Comment by sega_sai

2 months ago

The least squares and pca minimize different loss functions. One is sum of squares of vertical(y) distances, another is is sum of closest distances to the line. That introduces the differences.

11 comments

sega_sai

anArbitraryOne 2 months ago

"...sum of squared distances to the line" would be a better description. But it also depends entirely on how covariance is estimated

CGMthrowaway 2 months ago

That makes sense. Why does least squares skew the line downwards though (Vs some other direction)? Seems arbitrary

mr_toad 2 months ago

The Pythagorean distance would assume that some of the distance (difference) is on the x axis, and some on the y axis, and the total distance is orthogonal to the fitted line.
OLS assumes that x is given, and the distance is entirely due to the variance in y, (so parallel to the y axis). It’s not the line that’s skewed, it’s the space.
sega_sai 2 months ago

I think it has to do with the ratio of \Sigma_xx, \Sigma_yy. I don't have time to verify that, but it should be easy to check analytically.

ryang2718 2 months ago

I find it helpful to view least as fitting the noise to a Gaussian distribution.
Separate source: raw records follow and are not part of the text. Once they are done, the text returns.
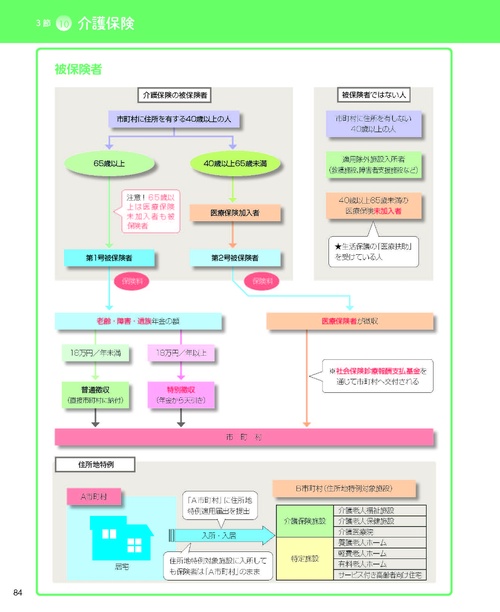 見て覚える！介護福祉士国試ナビ2025 – 丸善ジュンク堂書店ネット
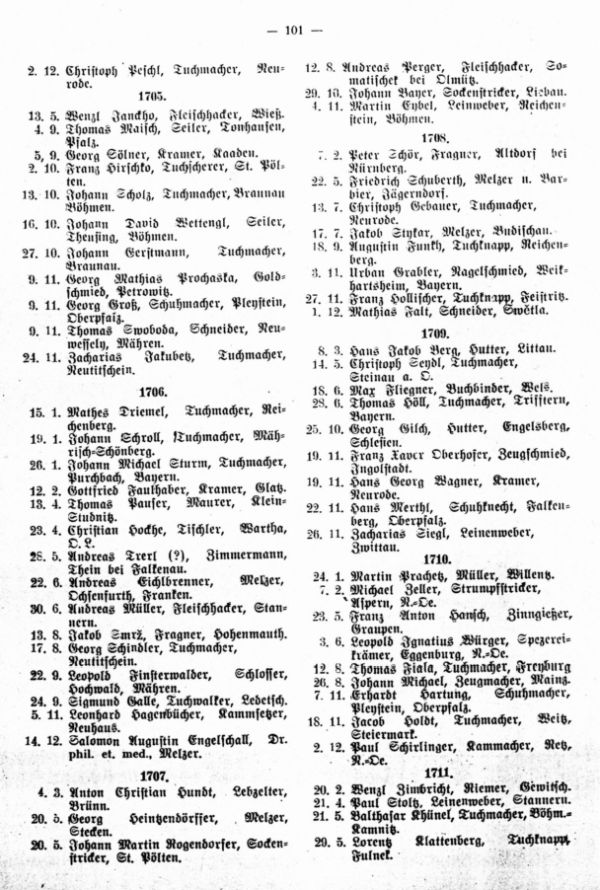 Neubürger nach dem dritten Iglauer Bürgerrechtsbüchel (1692-1744) - 2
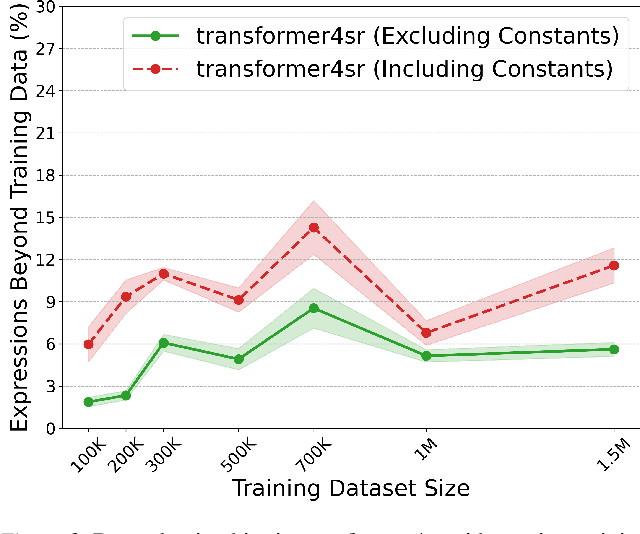 Figure 3 for Can Test-time Computation Mitigate Memorization Bias in Neural Symbolic Regression?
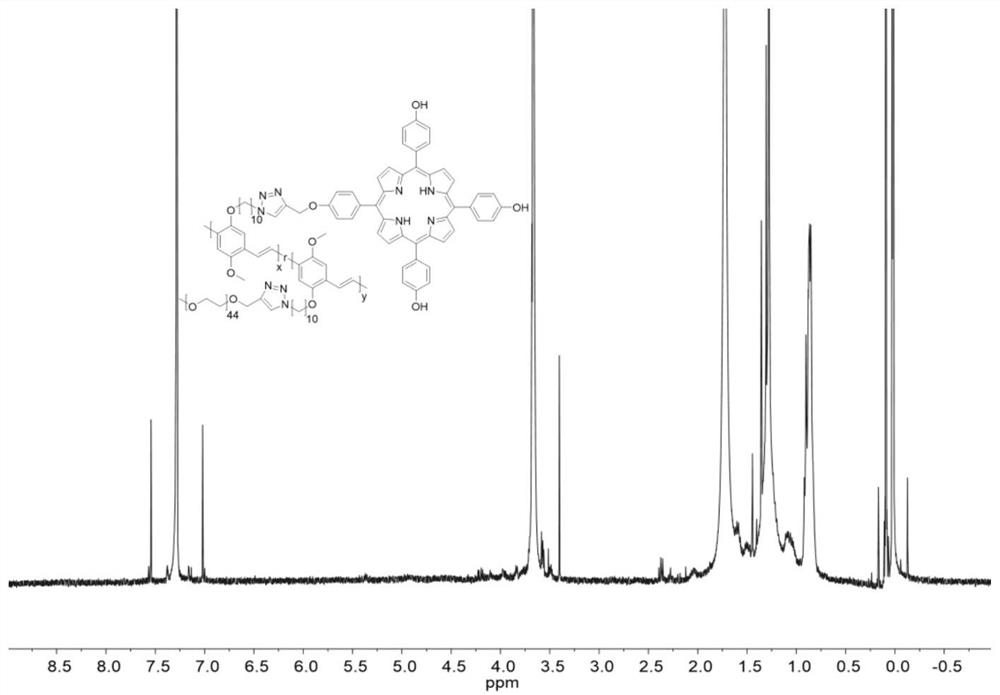 Single-component near-infrared afterglow imaging nanoprobe and preparation method thereof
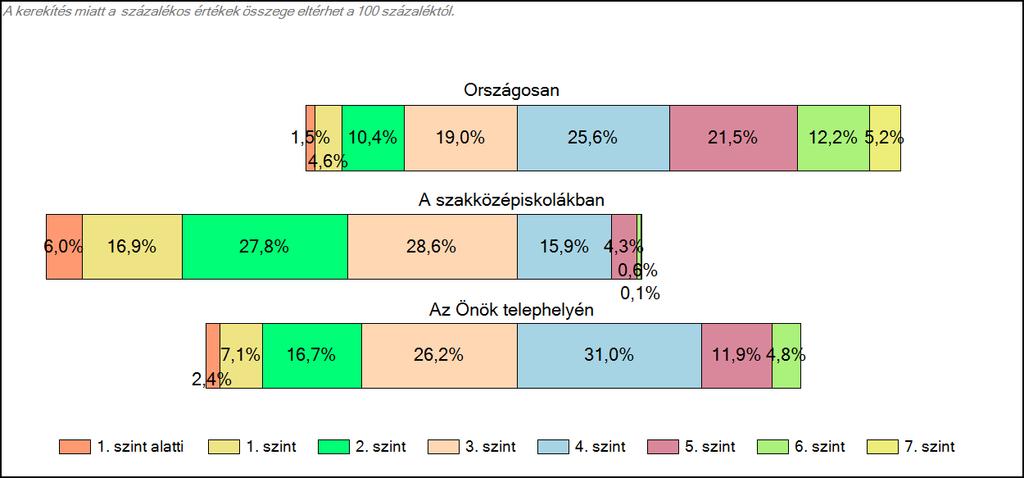 1c Képességeloszlás Az országos eloszlás, valamint a tanulók eredményei a szakközépiskolákban és az Önök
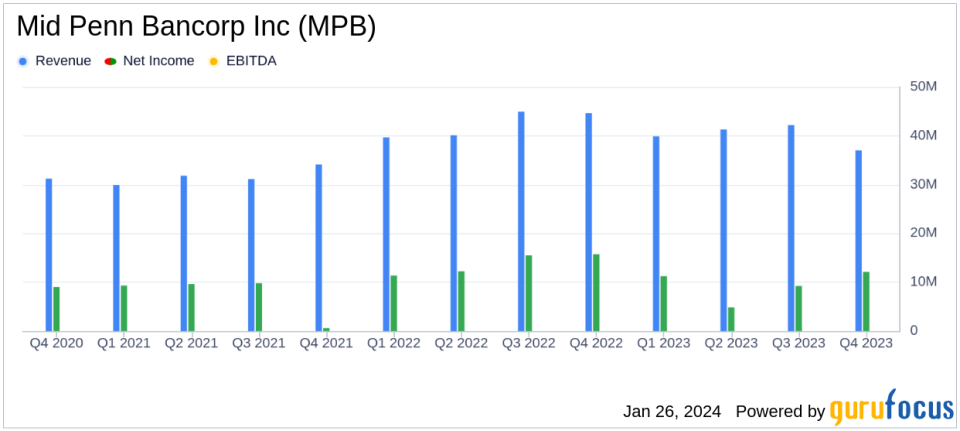 Mid Penn Bancorp Inc Reports Robust Earnings Growth and Declares Dividend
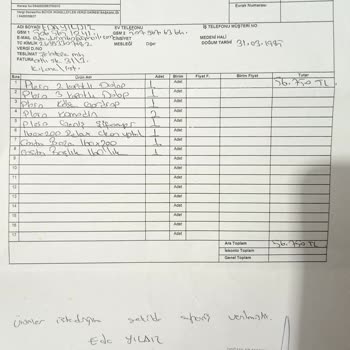 Doğtaş Mobilya Aldığım Ürünleri İptal Etmiyor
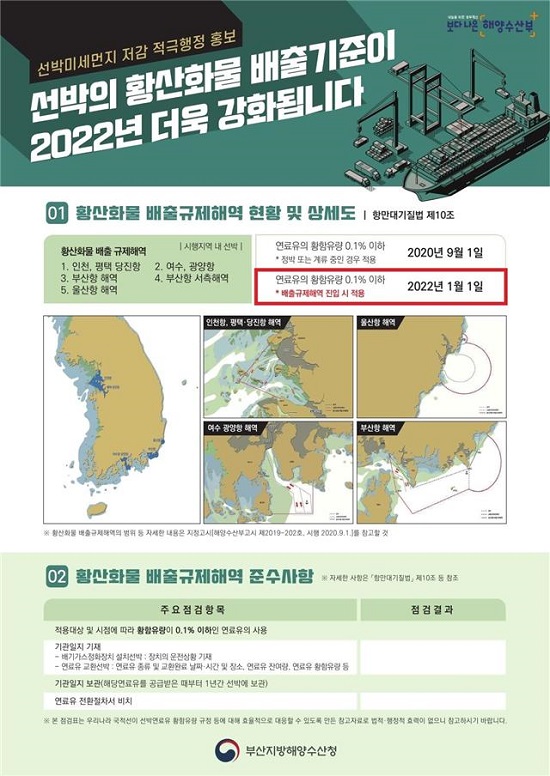 ‘항만지역등 대기질 개선에 관한 특별법' 홍보 이미지.(출처=부산해수청) ‘항만지역등 대기질 개선에 관한 특별법' 홍보 이미지.(출처=부산해수청)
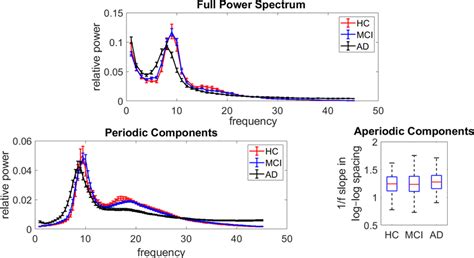 Whole Brain Averaged Relative Power Spectral Density Curves For Full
MontyCarloHall 2 months ago
They both fit Gaussians, just different ones! OLS fits a 1D Gaussian to the set of errors in the y coordinates only, whereas TLS (PCA) fits a 2D Gaussian to the set of all (x,y) pairs.
- ryang2718 2 months ago
  
  Well, that was a knowledge gap, thank you! I certainly need to review PCA but python makes it a bit too easy.
LudwigNagasena 2 months ago
OLS estimator is the minimum-variance linear unbiased estimator even without the assumption of Gaussian distribution.
- rjdj377dhabsn 2 months ago
  
  Yes, and if I remember correctly, you get the Gaussian because it's the minimum entropy (least additional assumptions about the shape) continuous distribution given a certain variance.
  
  1 reply →
contravariant 2 months ago

Both of these do, in a way. They just differ in which gaussian distribution they're fitting to.
And how I suppose. PCA is effectively moment matching, least squares is max likelihood. These correspond to the two ways of minimizing the Kullback Leibler divergence to or from a gaussian distribution.